Brief descriptive captions:
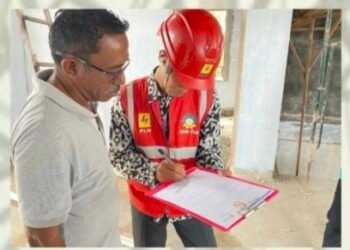 PLN Berau Sosialisasikan Ke Warga Jaga Jarak Aman Terhadap Jaringan Listrik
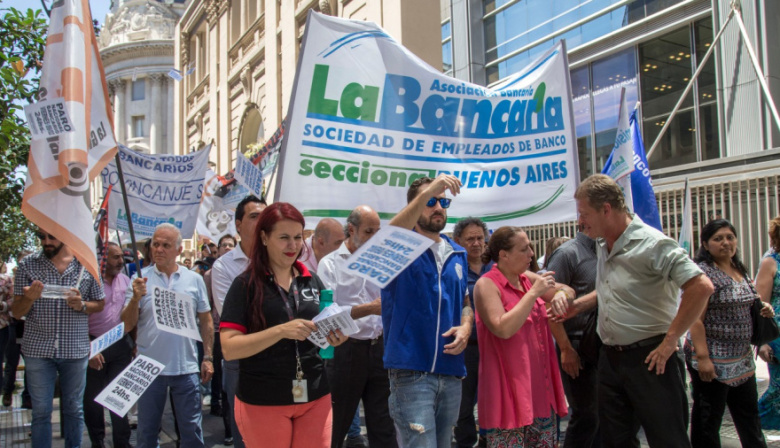 Paro en el Banco Central por cierres y despidos en tesoros regionales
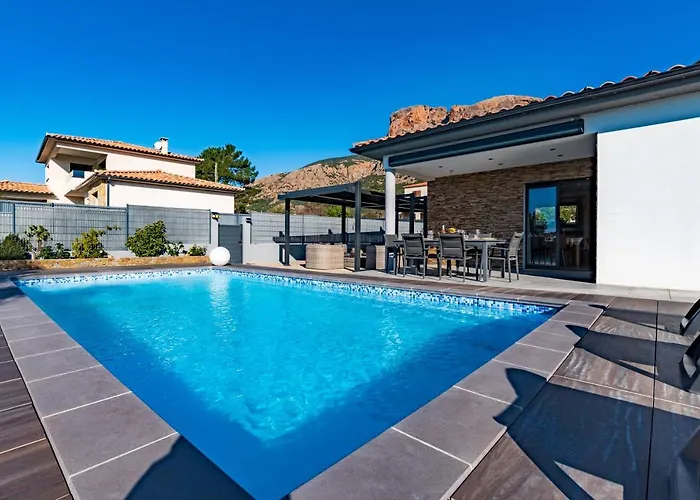 Ferienhaus Proche Ajaccio, Magnifique Avec Piscine Privee 8 Personnes *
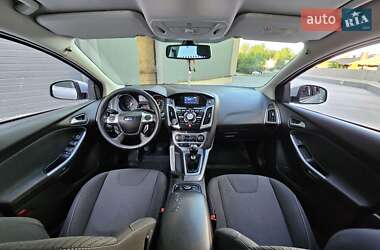 Седан Ford Focus 2011 в 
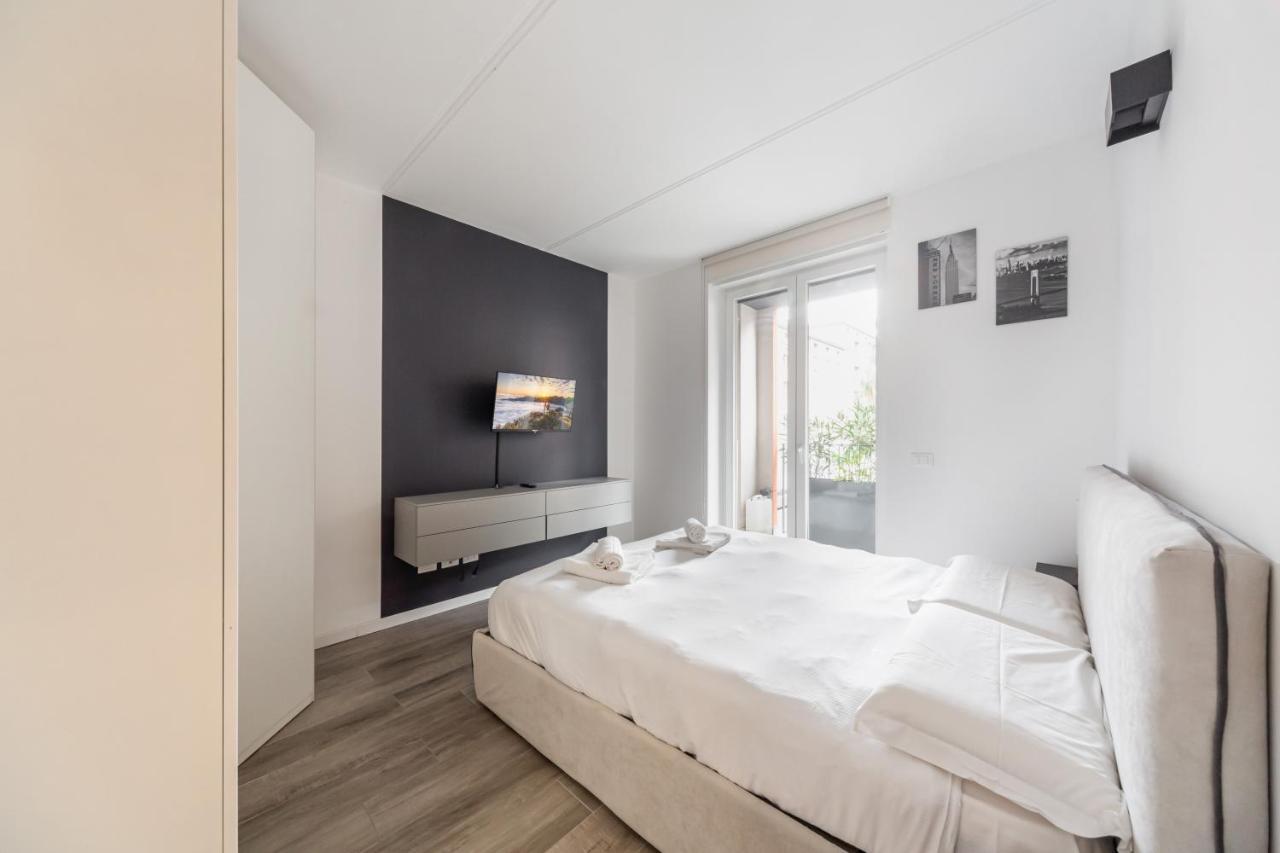 Comfy Apt With Private Parking & Balcony Milan Luaran gambar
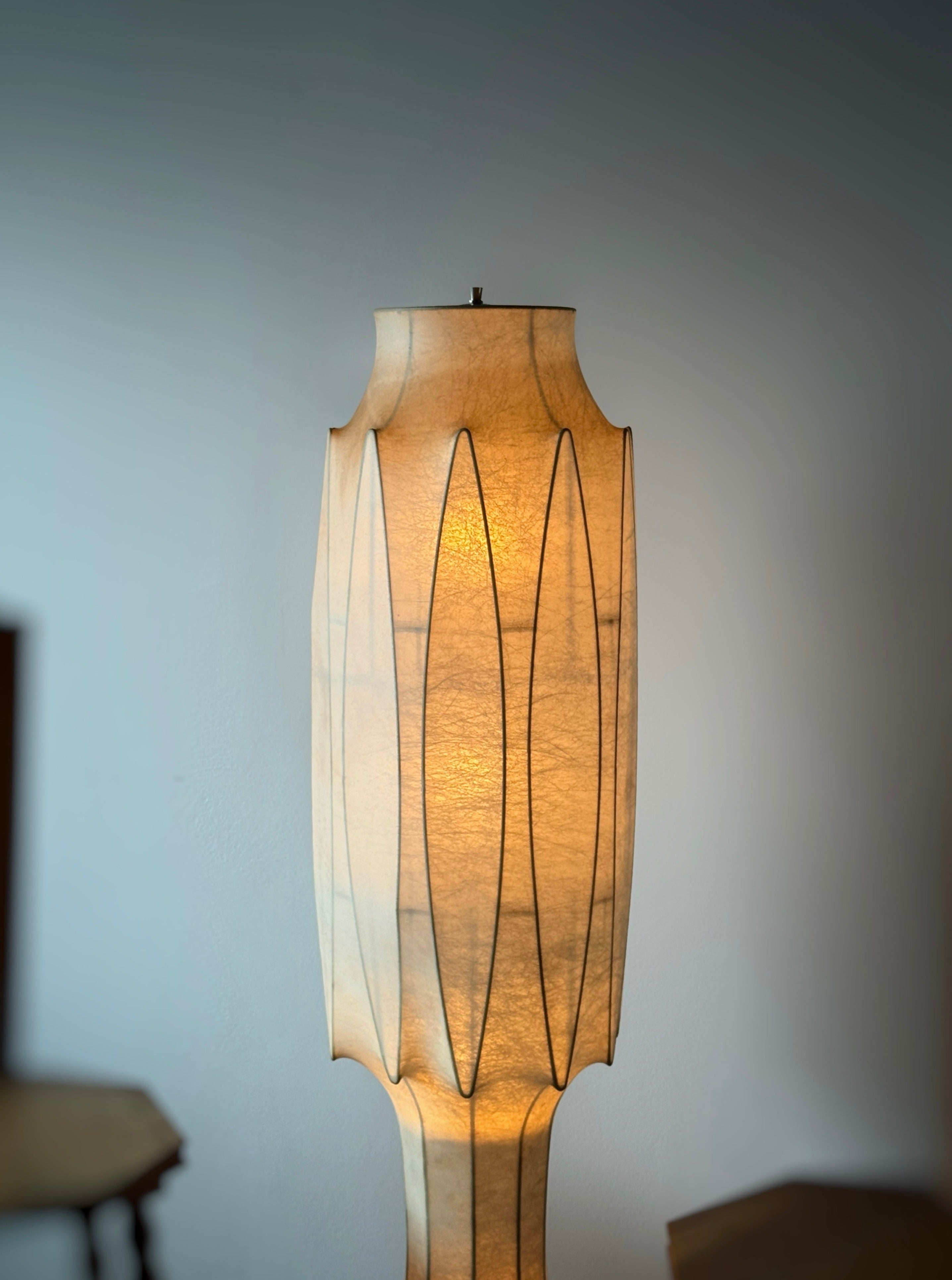 Large Sculptural Cocoon floor lamp for Flos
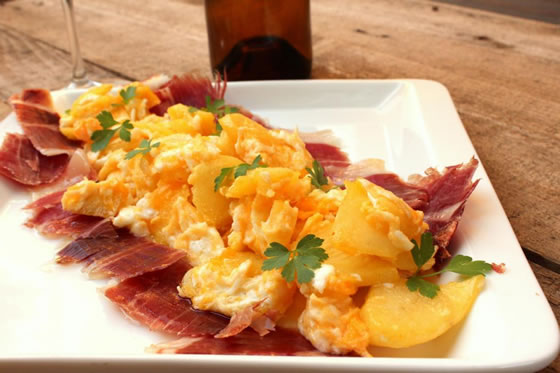 Vista 1 du assiette de brouillade de pomme de terre avec jambon ib&eacute;rique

WORK INSTRUCTIONS:
Reproduce the lines above letter for letter. The pictures stay behind.

RESULT OF THE TASK:
 PLN Berau Sosialisasikan Ke Warga Jaga Jarak Aman Terhadap Jaringan Listrik
 Paro en el Banco Central por cierres y despidos en tesoros regionales
 Ferienhaus Proche Ajaccio, Magnifique Avec Piscine Privee 8 Personnes *
 Седан Ford Focus 2011 в 
 Comfy Apt With Private Parking & Balcony Milan Luaran gambar
 Large Sculptural Cocoon floor lamp for Flos
 Vista 1 du assiette de brouillade de pomme de terre avec jambon ib&eacute;rique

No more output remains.